Maya Deren is one of the most influential figures in American underground film history. She has directed some of the underground's most iconic films and was a major proponet of alternative storytelling techniques through her writing.
Born in 1917, Deren emigrated from the Ukraine to New York state in the U.S. in the 1920s. Then, in the 1940s, she traveled the country as the personal secretary to choreographer Katherine Dunham. These travels brought Deren to Los Angeles where she met and married cinematographer Alexander Hammid.
Together, the pair made the film Meshes of the Afternoon (1943), which would gain recognition as one of the most significant avant-garde films ever made, largely due to the film's innovative "poetic" structure. Her accomplishment also inspired other local L.A. avant-garde filmmakers, like Kenneth Anger, Gregory Markopoulos and Curtis Harrington.
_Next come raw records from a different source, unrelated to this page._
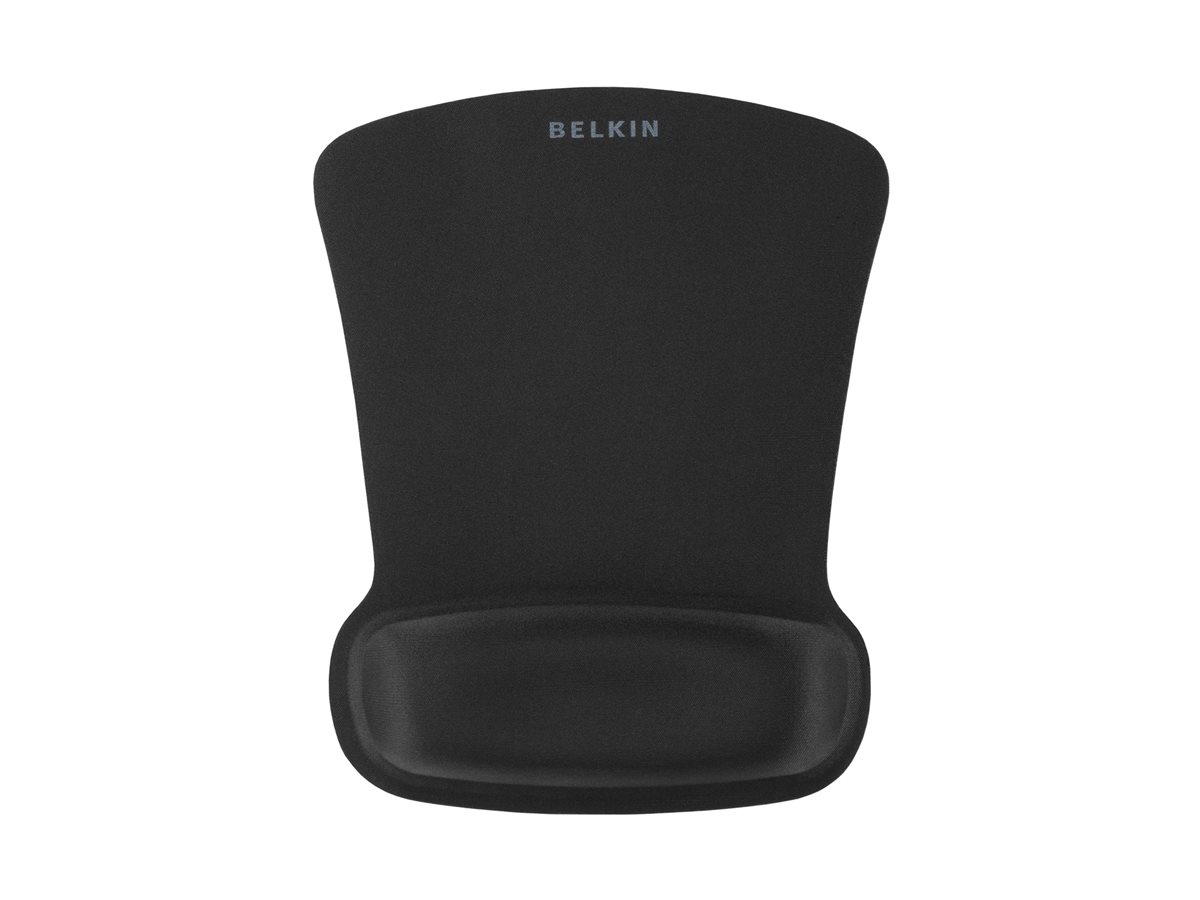 Belkin WaveRest Tapis de souris en gel - Tapis de souris avec repose-poignets - noir - F8E262-BLK - Accessoires de souris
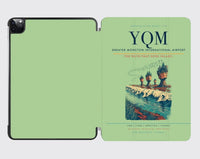 Thumbnail for Greater Moncton International Airport (YQM) design on light green ipad tablet case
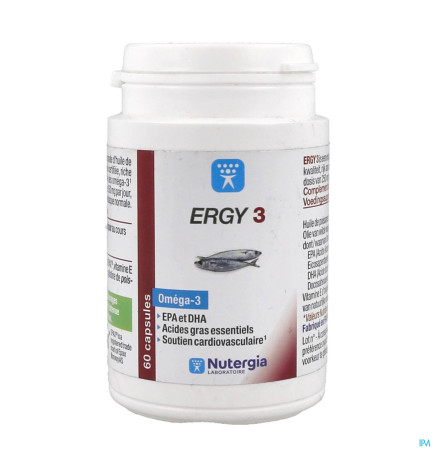 Nutergia – Ergy 3, 60 capsules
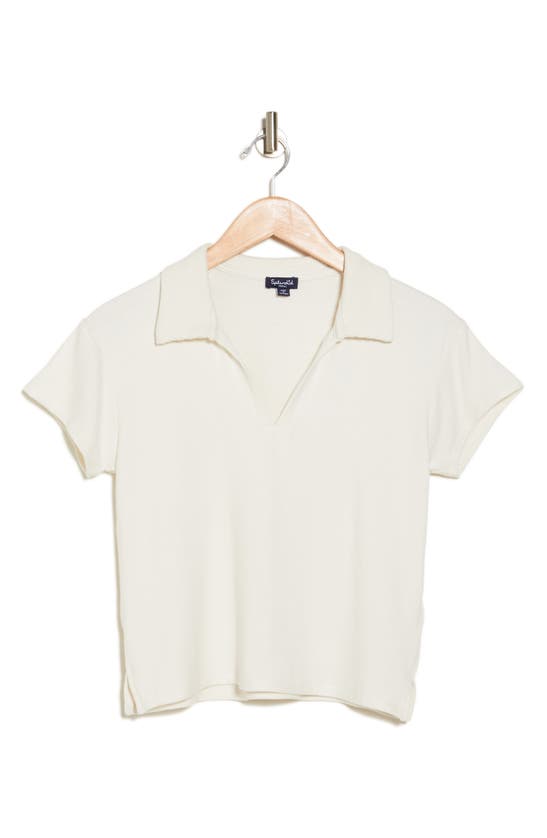 Splendid Lyon Polo Sweater In Paper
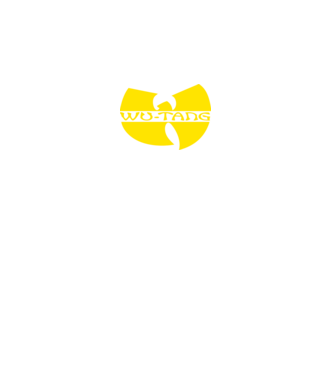 wu tang logo model negru pe tricou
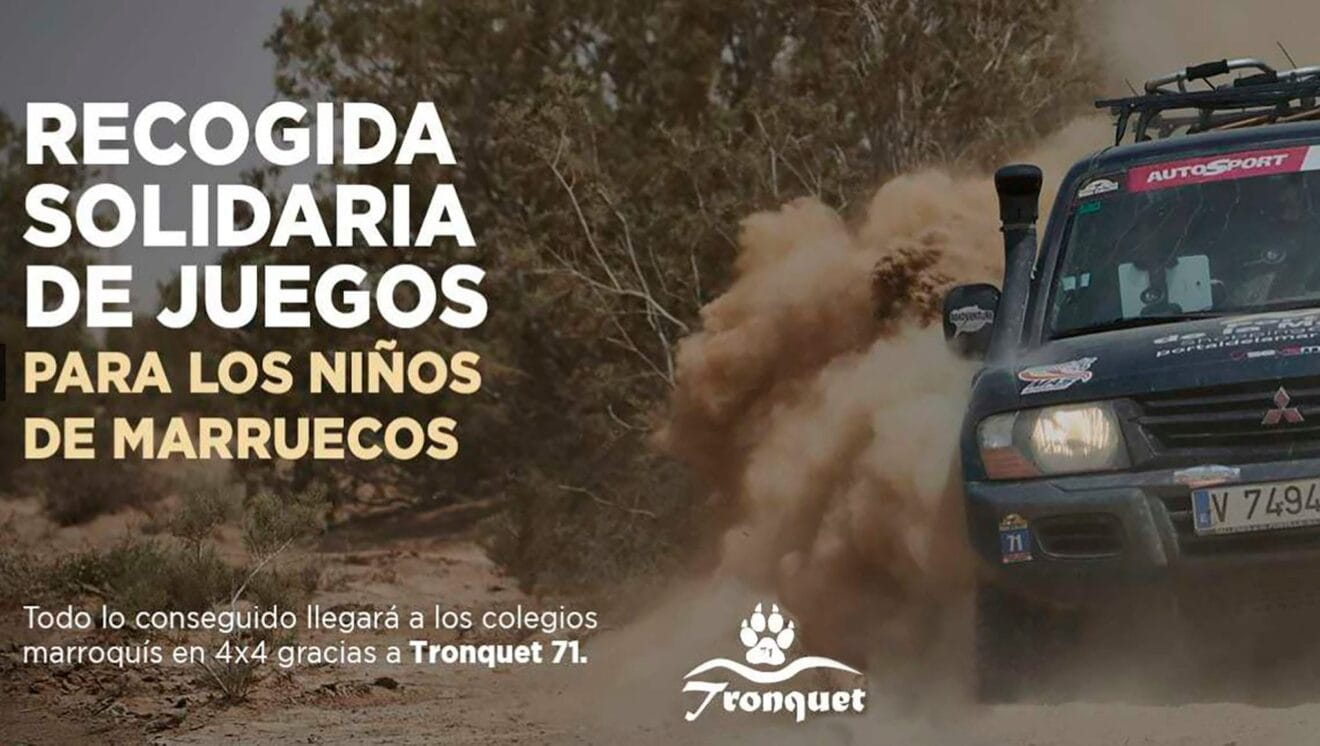 Recogida solidaria de juegos en Portal de la Marina y Tronquet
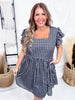 Mustang Moves Black Gingham Dress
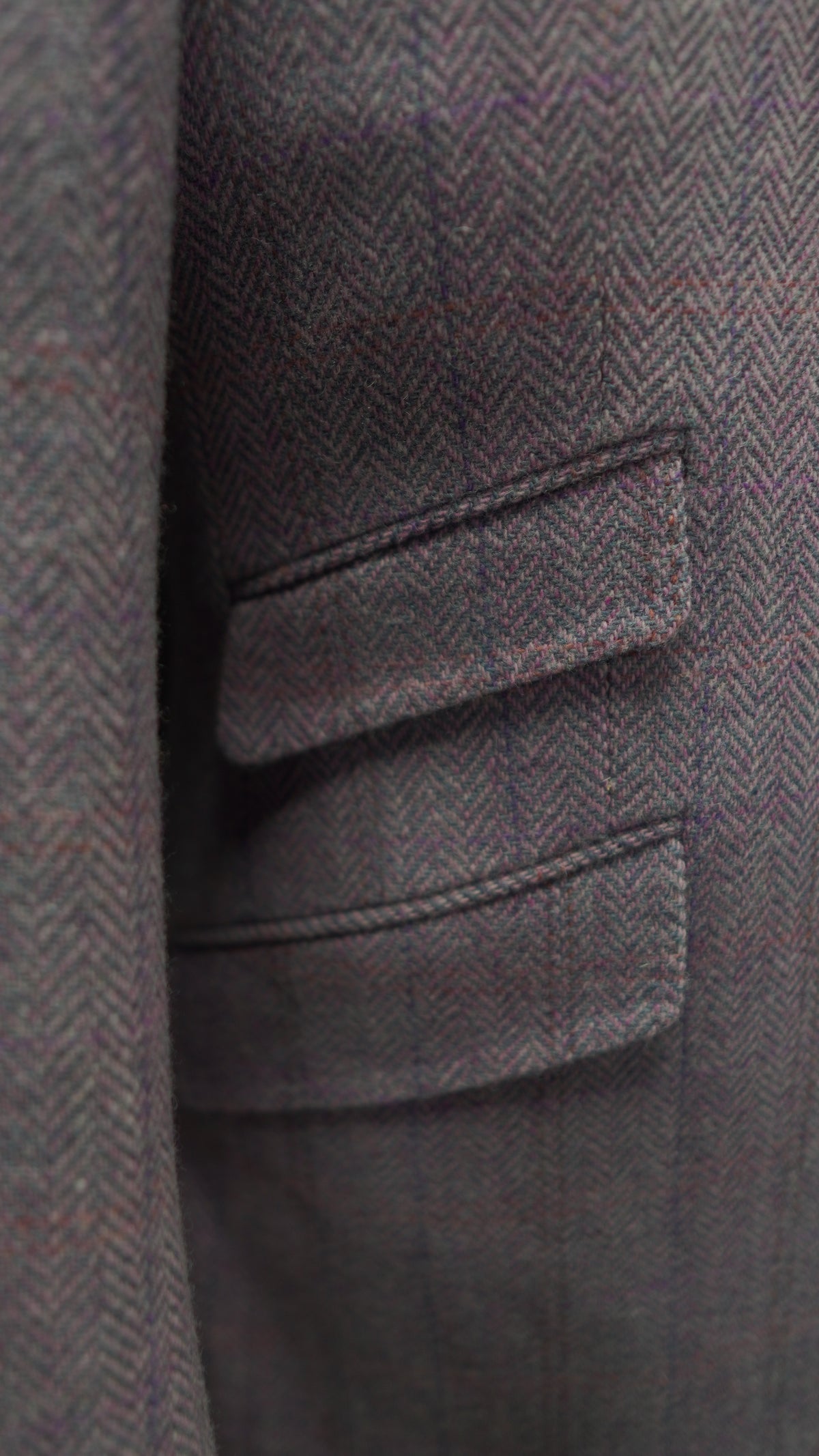 Tweed Mauve Three Piece Suit ( Flared Trousers)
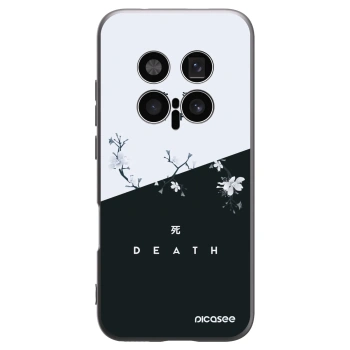 Picasee silikonski črni ovitek za Honor Magic8 Pro 5G - Life - Death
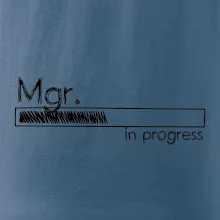 In progress titul Mgr.  magistr / magistra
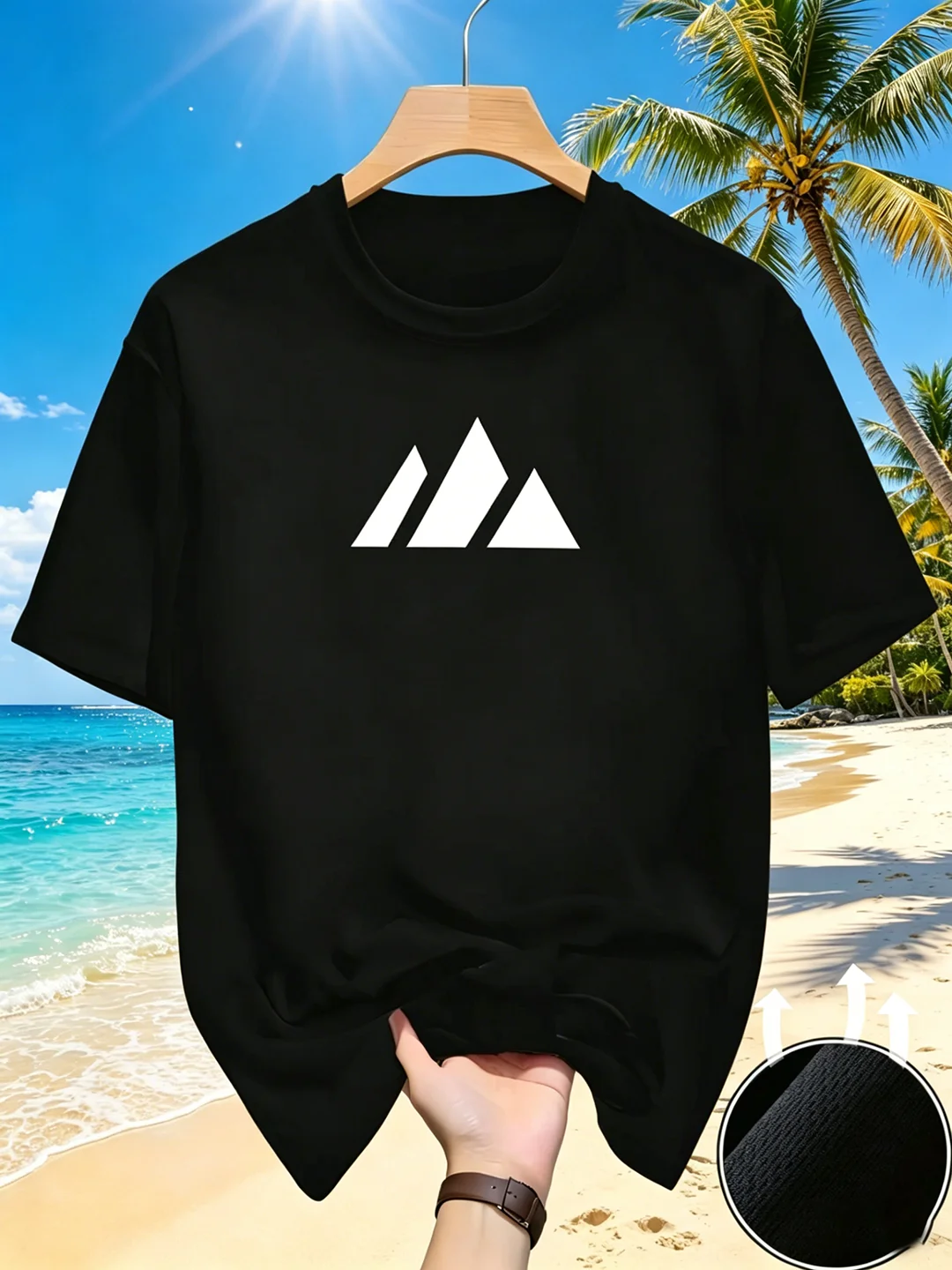 

Новый летний спортивный костюм для мужчин: футболка с коротким рукавом и шорты, комплект из двух предметов, дышащая и быстросохнущая повседневная одежда.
Shortly afterward, Deren moved back to the East Coast where she continued to make films, but she also grew increasingly aggressive in promoting her work through writing, giving lectures and organizing screenings for herself.
Deren's later work would focus on two of her passions: Choreography and the culture of Haiti. It was while working on a documentary on the Haitian religion of vodou that Deren tragically passed away in 1961 at the young age of 44. Her third husband, Teiji Ito, eventually finished the documentary as Divine Horsemen: The Living Gods of Haiti.